WORK ITEM → Exactly the lines from the one holding "Hello again. Today" through the last line of the listing below must appear in the answer, and no pictures.

GIVEN INFORMATION →
┄┄┄┄┄┄┄┄┄┄┄┄┄┄┄┄┄┄┄┄

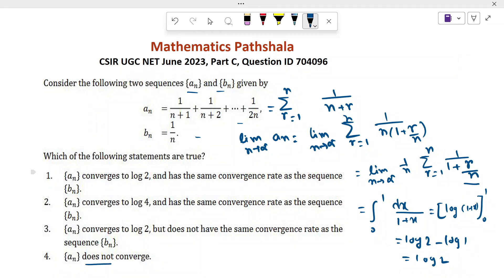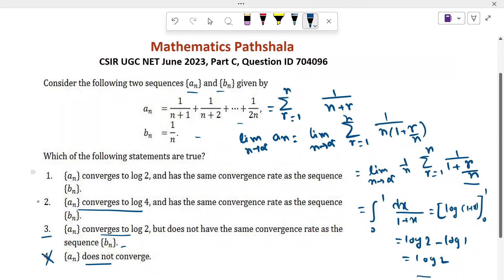Option 4 says a_n does not converge — so option 4 is false. Option 3 says a_n converges to log 2 but does not have the same convergence rate as sequence b_n. We need to find the rate of convergence to determine whether option 3 is right or false. Option 2 says a_n converges to log 4, but we found a_n converges to log 2, so option 2 is false. Option 1 says a_n converges to log 2 and has the same convergence rate as sequence b_n — so we need to find the rate of convergence of both a_n and b_n.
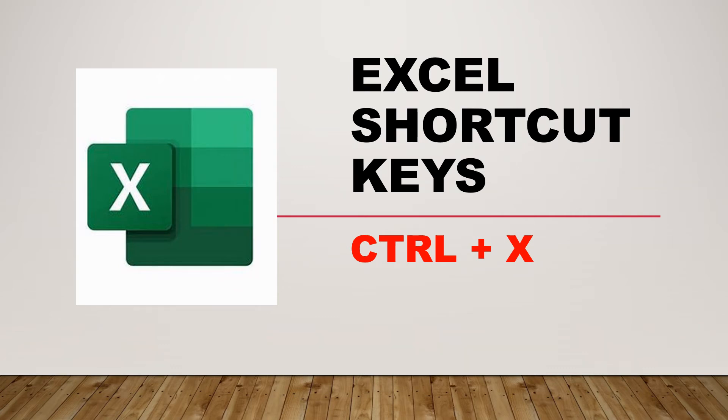Hello again. Today we are going to learn another Excel shortcut key, CTRL plus X, in just one minute.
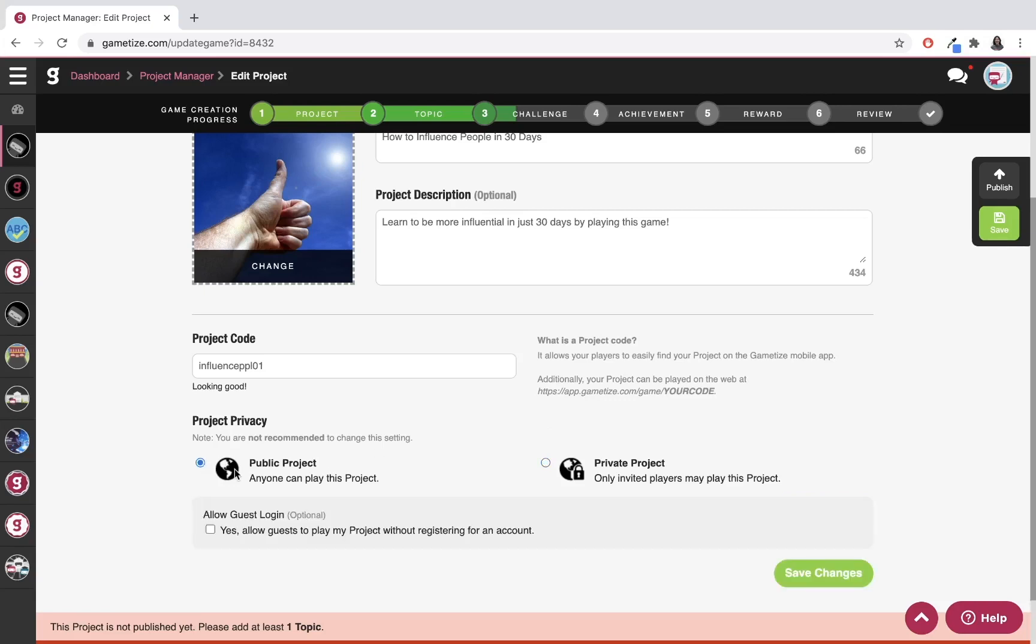But I'm also going to disable guest login. What guest login is, is that it allows people to play the game without needing to register for an account, meaning they don't need to go through the whole account registration process. They only need to input their guest name, and then they can start playing the challenges and content in your game straight away.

┄┄┄┄┄┄┄┄┄┄┄┄┄┄┄┄┄┄┄┄

WRITTEN SOLUTION →
Hello again. Today we are going to learn another Excel shortcut key, CTRL plus X, in just one minute.
But I'm also going to disable guest login. What guest login is, is that it allows people to play the game without needing to register for an account, meaning they don't need to go through the whole account registration process. They only need to input their guest name, and then they can start playing the challenges and content in your game straight away.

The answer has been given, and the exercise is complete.